• What needs to be done: Start with the line that holds "Urgeschichte Des Menschengeistes, Abteilung". Please copy it and each remaining line below exactly, leaving pictures out.

Stored dataset items:
.....
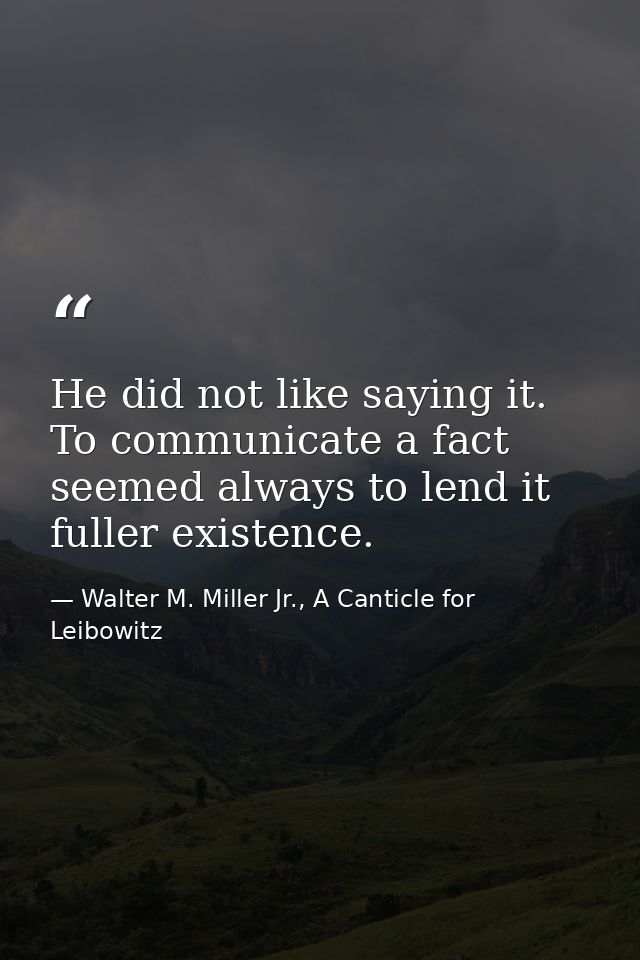 He did not like saying it. To communicate a fact seemed always to lend it fuller existence. — Walter M. Miller Jr., A Canticle for Leibowitz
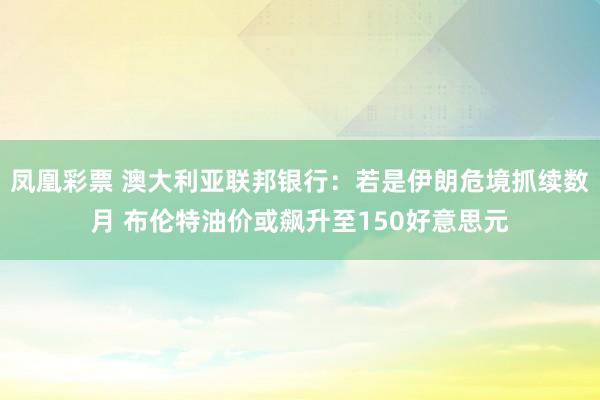 凤凰彩票 澳大利亚联邦银行：若是伊朗危境抓续数月 布伦特油价或飙升至150好意思元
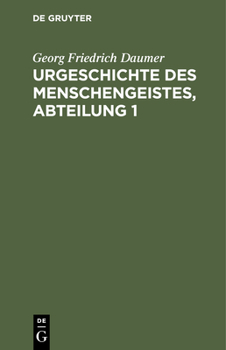 Urgeschichte Des Menschengeistes, Abteilung 1: Fragment Eines Systems Speculativer Theologie Mit Besonderer Beziehung Auf Die Schelling'sche Lehre Von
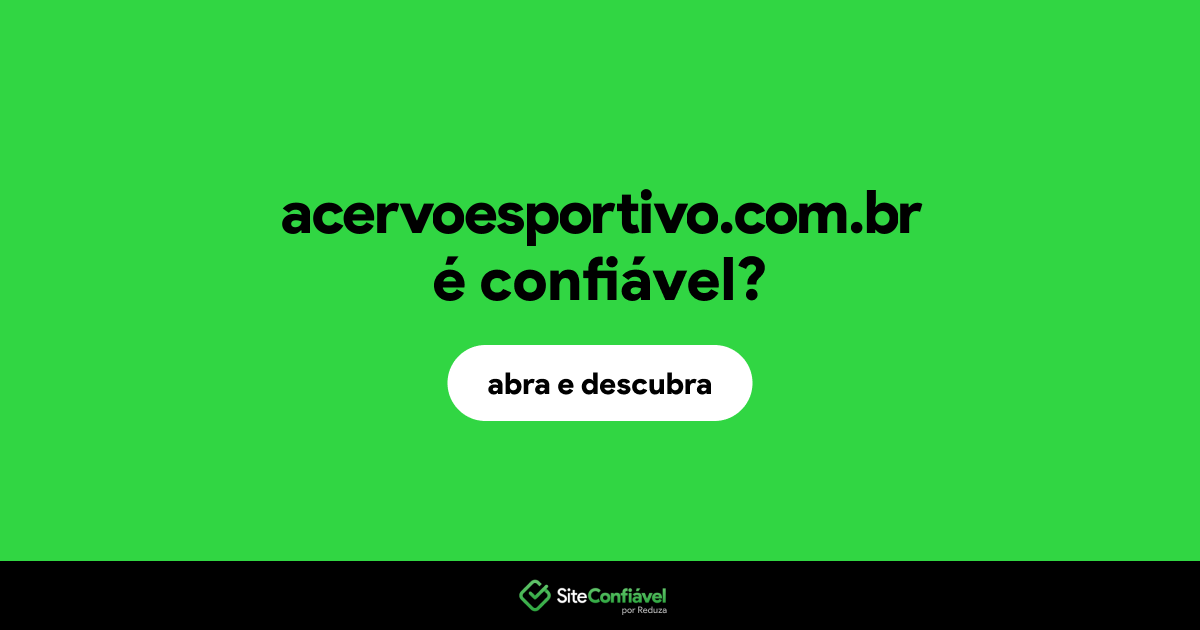 O site acervoesportivo.com.br é confiável?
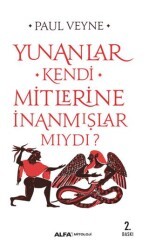 Yunanlar Kendi Mitlerine İnanmışlar Mıydı? - Alfa Yayınları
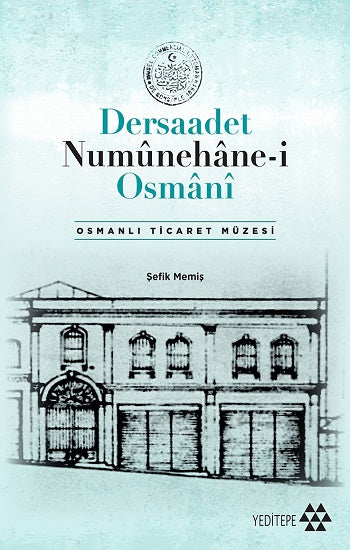 Dersaadet Numunehane-i Osmani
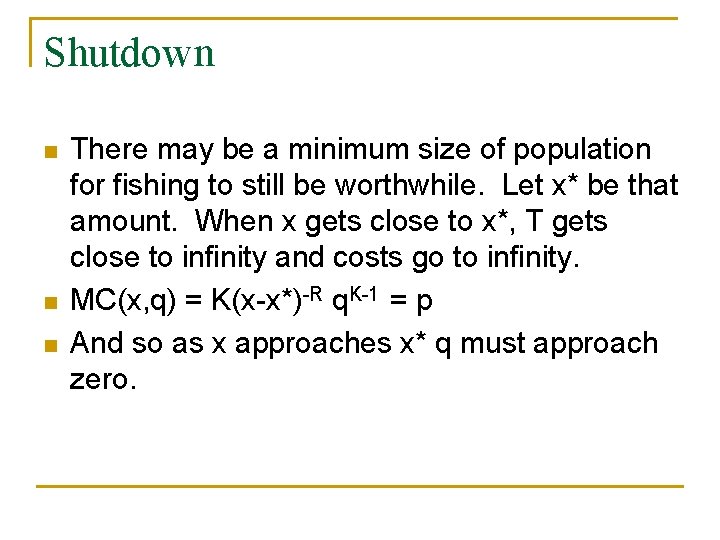 Shutdown n There may be a minimum size of population for fishing to still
.....
• Answer below:
 Urgeschichte Des Menschengeistes, Abteilung 1: Fragment Eines Systems Speculativer Theologie Mit Besonderer Beziehung Auf Die Schelling'sche Lehre Von
 O site acervoesportivo.com.br é confiável?
 Yunanlar Kendi Mitlerine İnanmışlar Mıydı? - Alfa Yayınları
 Dersaadet Numunehane-i Osmani
 Shutdown n There may be a minimum size of population for fishing to still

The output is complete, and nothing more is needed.